EXERCISE INPUT:
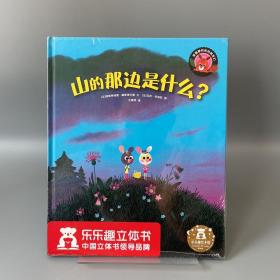 乐乐趣绘本·山的那边是什么？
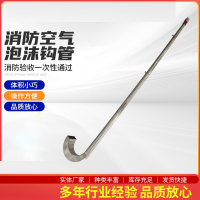 华龙 空气泡沫钩管 PG16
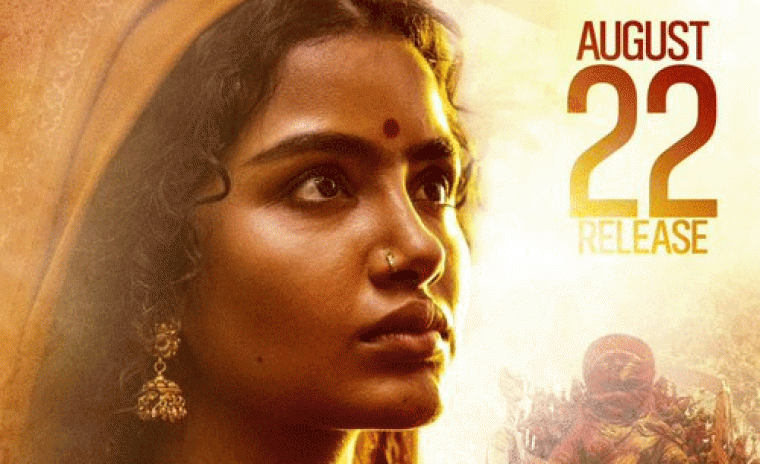 ఆగష్టు 22న విడుదల కానున్న 'పరదా' 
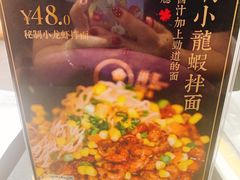 -贡梅老面馆·蟹粉面·无锡特色小吃(南长街主推店)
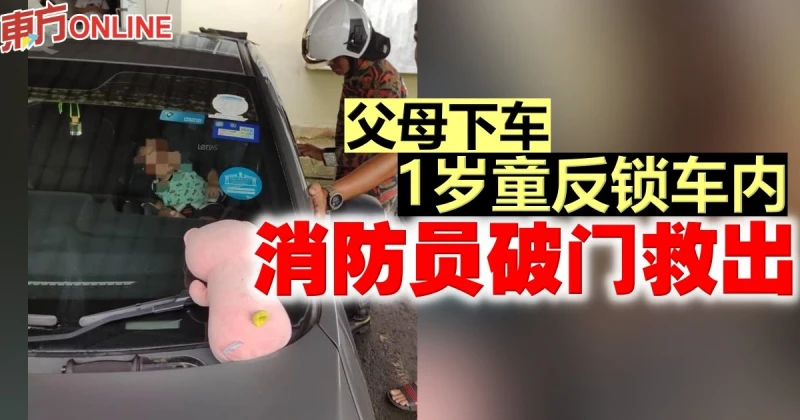 父母下車1歲童反鎖車內　消防員破門救出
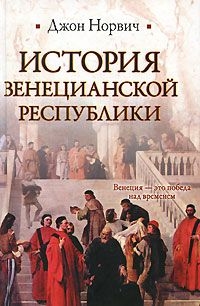 История Венецианской республики читать онлайн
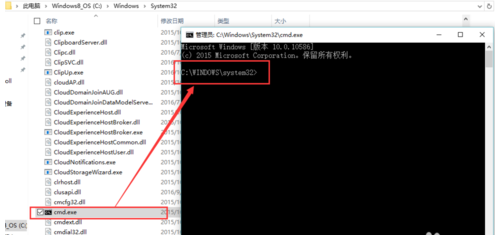 笔记本Win10网络显示黄色感叹号上不了网的解决方法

TASK TO CARRY OUT: In your reply, please set down exactly the lines from the one containing "ఆగష్టు 22న విడుదల కానున్న 'పరదా'" through the end of the records, with the pictures left out.

ANSWER TO THE EXERCISE:
 ఆగష్టు 22న విడుదల కానున్న 'పరదా' 
 -贡梅老面馆·蟹粉面·无锡特色小吃(南长街主推店)
 父母下車1歲童反鎖車內　消防員破門救出
 История Венецианской республики читать онлайн
 笔记本Win10网络显示黄色感叹号上不了网的解决方法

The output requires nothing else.